AIM OF THE EXERCISE:
Transcribe the data below verbatim from the line with "Woman bandeau top" to the line with "Rose Gold Brushstroke". Include both of those lines.

◆ ◆ ◆ ◆ ◆

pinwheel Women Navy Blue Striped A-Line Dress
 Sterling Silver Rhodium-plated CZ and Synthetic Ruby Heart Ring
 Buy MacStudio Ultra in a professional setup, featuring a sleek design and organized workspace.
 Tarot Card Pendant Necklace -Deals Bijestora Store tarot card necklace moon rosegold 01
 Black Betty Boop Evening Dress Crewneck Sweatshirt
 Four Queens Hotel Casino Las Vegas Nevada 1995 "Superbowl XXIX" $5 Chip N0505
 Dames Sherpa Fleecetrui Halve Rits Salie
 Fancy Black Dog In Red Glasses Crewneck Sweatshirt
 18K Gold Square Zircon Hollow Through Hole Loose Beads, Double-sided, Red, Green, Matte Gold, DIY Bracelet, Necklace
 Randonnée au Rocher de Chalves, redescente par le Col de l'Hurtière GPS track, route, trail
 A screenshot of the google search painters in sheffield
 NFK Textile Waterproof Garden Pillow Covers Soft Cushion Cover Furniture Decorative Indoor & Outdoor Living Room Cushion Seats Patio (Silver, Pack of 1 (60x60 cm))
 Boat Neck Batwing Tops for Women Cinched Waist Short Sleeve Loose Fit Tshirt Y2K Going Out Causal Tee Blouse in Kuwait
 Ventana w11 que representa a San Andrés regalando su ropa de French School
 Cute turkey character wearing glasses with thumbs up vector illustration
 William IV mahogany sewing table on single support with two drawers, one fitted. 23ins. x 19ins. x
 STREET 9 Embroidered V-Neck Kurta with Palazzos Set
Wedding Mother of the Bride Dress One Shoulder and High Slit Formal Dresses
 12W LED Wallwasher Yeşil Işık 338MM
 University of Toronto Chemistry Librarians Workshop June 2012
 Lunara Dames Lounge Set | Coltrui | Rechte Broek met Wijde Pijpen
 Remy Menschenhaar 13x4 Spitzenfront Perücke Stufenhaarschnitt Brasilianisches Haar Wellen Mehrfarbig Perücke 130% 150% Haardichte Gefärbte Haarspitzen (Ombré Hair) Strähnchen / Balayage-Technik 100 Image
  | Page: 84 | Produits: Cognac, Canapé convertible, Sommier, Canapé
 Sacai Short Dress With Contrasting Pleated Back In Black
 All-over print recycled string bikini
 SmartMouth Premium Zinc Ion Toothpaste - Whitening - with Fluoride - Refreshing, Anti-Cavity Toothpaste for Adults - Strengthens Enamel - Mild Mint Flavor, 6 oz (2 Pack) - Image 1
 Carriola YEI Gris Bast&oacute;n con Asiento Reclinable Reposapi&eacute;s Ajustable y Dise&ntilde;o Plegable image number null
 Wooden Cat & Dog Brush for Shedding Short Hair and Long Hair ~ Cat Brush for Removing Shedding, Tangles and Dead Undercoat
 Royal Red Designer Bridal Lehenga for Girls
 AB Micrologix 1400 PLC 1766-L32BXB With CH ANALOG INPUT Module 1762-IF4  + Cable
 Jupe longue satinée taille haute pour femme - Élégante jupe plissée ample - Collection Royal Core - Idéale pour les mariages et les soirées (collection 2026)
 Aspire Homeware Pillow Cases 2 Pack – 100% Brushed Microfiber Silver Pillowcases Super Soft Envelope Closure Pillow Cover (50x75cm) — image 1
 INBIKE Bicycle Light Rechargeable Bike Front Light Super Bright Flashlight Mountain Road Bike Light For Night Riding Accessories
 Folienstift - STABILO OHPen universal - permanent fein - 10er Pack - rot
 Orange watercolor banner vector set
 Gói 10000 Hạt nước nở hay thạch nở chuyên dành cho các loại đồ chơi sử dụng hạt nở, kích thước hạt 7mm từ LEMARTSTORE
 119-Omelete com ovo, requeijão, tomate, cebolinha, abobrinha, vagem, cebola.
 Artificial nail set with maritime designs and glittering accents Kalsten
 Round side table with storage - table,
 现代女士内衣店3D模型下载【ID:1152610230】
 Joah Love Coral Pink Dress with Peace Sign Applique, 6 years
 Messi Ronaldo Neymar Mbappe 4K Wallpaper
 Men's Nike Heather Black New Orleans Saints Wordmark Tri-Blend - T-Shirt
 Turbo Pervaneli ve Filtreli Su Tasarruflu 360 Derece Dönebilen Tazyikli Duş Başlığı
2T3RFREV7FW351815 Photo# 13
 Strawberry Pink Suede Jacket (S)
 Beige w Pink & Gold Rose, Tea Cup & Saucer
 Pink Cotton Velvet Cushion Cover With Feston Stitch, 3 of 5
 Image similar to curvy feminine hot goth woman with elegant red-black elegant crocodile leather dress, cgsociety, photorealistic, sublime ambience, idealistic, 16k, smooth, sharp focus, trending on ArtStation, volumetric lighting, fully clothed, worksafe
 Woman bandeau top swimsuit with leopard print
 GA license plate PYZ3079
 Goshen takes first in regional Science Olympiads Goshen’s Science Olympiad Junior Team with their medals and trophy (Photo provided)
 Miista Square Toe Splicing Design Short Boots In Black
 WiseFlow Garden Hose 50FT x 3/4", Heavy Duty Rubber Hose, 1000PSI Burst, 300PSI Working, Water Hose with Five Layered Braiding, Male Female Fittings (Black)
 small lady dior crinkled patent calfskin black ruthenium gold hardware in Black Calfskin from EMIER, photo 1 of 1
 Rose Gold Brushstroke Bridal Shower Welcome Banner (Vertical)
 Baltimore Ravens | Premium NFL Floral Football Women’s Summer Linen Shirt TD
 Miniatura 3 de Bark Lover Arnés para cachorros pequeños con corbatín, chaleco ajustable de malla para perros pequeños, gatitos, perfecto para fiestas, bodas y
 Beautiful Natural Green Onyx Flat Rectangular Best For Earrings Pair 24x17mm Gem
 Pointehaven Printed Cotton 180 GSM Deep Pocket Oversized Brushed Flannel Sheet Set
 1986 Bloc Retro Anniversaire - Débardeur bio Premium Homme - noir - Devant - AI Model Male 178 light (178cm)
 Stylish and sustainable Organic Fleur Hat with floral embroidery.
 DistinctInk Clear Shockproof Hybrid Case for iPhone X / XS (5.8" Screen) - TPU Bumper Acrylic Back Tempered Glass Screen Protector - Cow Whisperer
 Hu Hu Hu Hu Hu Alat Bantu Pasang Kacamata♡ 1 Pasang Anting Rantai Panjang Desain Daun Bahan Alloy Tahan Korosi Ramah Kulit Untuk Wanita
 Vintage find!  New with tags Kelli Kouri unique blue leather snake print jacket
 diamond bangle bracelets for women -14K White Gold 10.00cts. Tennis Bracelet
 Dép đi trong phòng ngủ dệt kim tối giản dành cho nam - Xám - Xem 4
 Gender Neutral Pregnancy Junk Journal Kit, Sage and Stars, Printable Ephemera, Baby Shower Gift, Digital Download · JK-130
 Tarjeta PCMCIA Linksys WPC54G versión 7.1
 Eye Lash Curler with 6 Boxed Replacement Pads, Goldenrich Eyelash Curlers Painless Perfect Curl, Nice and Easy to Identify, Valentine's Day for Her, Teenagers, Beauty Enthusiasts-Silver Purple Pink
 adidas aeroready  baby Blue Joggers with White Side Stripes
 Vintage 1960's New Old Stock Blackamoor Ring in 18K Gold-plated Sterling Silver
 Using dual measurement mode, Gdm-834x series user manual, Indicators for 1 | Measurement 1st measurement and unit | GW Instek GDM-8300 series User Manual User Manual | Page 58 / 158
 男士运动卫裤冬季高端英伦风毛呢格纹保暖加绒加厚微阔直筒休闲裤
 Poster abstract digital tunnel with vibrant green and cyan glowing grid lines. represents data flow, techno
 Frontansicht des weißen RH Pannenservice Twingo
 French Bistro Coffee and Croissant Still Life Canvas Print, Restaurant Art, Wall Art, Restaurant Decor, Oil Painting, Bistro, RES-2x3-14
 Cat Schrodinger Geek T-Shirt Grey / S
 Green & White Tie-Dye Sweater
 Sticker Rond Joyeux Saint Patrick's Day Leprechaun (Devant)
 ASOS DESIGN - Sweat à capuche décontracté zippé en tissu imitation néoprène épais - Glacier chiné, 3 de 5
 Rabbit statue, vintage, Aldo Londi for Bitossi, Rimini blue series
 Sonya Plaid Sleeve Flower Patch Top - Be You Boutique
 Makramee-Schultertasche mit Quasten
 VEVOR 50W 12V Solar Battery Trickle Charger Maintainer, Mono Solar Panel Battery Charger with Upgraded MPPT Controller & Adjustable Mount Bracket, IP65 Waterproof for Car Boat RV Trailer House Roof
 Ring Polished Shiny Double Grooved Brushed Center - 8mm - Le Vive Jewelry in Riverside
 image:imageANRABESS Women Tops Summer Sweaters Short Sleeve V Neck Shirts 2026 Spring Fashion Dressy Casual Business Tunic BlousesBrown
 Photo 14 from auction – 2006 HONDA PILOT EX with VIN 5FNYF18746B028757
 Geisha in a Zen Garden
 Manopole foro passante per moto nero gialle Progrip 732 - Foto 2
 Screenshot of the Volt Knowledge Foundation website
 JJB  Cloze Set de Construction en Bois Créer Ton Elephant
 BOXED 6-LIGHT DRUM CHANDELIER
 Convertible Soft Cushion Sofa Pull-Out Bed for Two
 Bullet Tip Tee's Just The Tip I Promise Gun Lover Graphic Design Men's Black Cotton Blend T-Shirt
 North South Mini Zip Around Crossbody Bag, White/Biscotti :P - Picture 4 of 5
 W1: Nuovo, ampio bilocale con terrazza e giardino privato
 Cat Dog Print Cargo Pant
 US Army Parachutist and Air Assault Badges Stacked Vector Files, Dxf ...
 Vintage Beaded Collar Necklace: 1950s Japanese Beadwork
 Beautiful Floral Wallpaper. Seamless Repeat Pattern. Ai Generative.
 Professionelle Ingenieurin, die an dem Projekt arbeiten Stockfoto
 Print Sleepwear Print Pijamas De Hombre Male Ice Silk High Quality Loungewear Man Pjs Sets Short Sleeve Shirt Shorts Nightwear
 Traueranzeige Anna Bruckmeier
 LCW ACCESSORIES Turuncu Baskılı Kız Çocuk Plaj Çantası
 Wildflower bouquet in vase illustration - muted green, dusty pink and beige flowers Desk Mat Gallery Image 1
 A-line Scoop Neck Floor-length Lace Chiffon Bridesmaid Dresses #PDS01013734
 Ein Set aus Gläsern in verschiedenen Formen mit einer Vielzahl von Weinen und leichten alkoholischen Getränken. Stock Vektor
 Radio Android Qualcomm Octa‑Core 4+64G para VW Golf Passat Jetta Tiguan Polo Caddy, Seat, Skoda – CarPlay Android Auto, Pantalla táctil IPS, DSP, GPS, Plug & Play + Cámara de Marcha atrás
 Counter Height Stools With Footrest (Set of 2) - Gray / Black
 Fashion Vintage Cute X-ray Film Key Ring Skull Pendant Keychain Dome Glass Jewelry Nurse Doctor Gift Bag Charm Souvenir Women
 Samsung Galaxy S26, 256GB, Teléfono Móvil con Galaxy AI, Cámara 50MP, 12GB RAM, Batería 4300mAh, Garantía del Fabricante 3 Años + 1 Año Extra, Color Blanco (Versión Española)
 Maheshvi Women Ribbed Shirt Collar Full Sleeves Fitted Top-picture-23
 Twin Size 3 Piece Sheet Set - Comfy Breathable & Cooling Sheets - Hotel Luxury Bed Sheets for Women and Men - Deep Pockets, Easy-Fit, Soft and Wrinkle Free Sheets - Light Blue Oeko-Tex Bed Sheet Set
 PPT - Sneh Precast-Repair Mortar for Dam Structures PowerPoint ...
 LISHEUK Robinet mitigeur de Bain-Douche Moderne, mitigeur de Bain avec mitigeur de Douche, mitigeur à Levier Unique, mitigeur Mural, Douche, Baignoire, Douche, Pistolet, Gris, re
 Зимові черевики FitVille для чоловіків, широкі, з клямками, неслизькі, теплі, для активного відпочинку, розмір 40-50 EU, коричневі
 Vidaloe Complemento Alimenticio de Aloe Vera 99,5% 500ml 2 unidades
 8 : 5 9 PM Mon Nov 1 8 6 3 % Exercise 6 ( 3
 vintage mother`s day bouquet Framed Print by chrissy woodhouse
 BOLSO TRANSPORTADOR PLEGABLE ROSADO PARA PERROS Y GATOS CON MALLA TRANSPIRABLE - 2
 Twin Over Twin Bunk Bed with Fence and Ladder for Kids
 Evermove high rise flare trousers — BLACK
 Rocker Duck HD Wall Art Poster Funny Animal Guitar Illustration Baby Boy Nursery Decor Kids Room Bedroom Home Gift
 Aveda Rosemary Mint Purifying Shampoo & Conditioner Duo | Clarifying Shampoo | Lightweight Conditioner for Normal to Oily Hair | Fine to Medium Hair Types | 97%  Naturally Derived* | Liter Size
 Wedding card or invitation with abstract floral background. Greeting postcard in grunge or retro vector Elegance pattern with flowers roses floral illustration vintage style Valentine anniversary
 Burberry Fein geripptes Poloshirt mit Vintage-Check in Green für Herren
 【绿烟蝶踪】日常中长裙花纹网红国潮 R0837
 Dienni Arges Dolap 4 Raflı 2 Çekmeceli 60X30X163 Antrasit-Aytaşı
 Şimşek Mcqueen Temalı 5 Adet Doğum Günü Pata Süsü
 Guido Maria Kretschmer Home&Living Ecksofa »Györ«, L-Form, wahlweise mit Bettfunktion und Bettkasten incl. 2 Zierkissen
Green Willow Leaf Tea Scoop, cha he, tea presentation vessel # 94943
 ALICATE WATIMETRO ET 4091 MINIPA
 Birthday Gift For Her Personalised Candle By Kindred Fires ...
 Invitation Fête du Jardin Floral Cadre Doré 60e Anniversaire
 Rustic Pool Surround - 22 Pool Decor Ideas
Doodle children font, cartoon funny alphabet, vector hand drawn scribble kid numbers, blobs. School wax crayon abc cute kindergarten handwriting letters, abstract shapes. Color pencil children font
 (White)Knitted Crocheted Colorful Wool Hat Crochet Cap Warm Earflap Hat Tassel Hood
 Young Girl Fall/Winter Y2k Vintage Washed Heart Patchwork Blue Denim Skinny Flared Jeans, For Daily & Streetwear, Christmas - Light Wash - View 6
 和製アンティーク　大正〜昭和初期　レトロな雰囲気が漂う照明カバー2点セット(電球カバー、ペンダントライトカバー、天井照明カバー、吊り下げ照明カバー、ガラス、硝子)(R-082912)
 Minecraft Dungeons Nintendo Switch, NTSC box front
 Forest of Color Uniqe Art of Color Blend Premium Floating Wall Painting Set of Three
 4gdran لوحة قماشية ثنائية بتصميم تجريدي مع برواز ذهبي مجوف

◆ ◆ ◆ ◆ ◆

TASK RESPONSE:
 Woman bandeau top swimsuit with leopard print
 GA license plate PYZ3079
 Goshen takes first in regional Science Olympiads Goshen’s Science Olympiad Junior Team with their medals and trophy (Photo provided)
 Miista Square Toe Splicing Design Short Boots In Black
 WiseFlow Garden Hose 50FT x 3/4", Heavy Duty Rubber Hose, 1000PSI Burst, 300PSI Working, Water Hose with Five Layered Braiding, Male Female Fittings (Black)
 small lady dior crinkled patent calfskin black ruthenium gold hardware in Black Calfskin from EMIER, photo 1 of 1
 Rose Gold Brushstroke Bridal Shower Welcome Banner (Vertical)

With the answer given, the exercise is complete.